Sometimes, we’re a victim of abuse ourselves and we seek to relieve that pressure; or sometimes our frustration comes when life seems too big for us. We get to feeling sorry for ourselves and attack the innocent as a way of whittling down the size of life. What about the times we tell ourselves it’s discipline when our real motive is to ruin a child’s fun.
It is that part of us that feels bad by nature. It is not what we deserve and it is not doing us any favors or our families. Almost every conflict we have is because of this self. But it begins to lose power and affect as we do the one thing it cannot stand up to—honest self reflection.
In a journal, I write it like a diary for the day, looking at any conflict or uncomfortable feelings or negativity. I write what happened, what I was feeling at the time and what my participation was in the conflict. Again, I’m not looking for blame or finger pointing. I’m looking to understand further why I was involved in some conflict and my part in it. If you feel yourself getting all accusatory and hardening up, you’re looking in the wrong direction. Get your eyes back on your own soul. Whatever you discover about yourself, know you were doing the very best you could at the time. There is no blame here.

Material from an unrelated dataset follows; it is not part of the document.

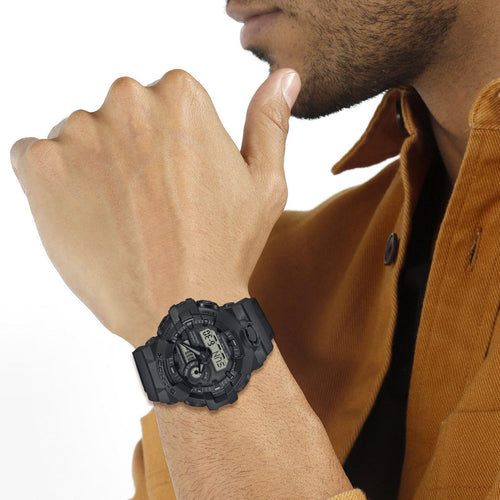 G-Shock Men Quartz Black Dial Analog-Digital Fabric Watch G1525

Eventually this could lead to a change in level of awareness where you may join others who no longer think in terms of or respond to the blame game. Where neighbors become neighbors again and instead of pulling out their gun to counter some accusation, offer to correct some problem routinely. Where all name calling and accusations are see as childish and fall into complete disrepair. Where attributes are upheld that should be upheld, and the things we admire are worth our admiration. This sounds rather boring to a rambunctious heart, but it is practically Heaven on earth to people who have earned a peaceful soul.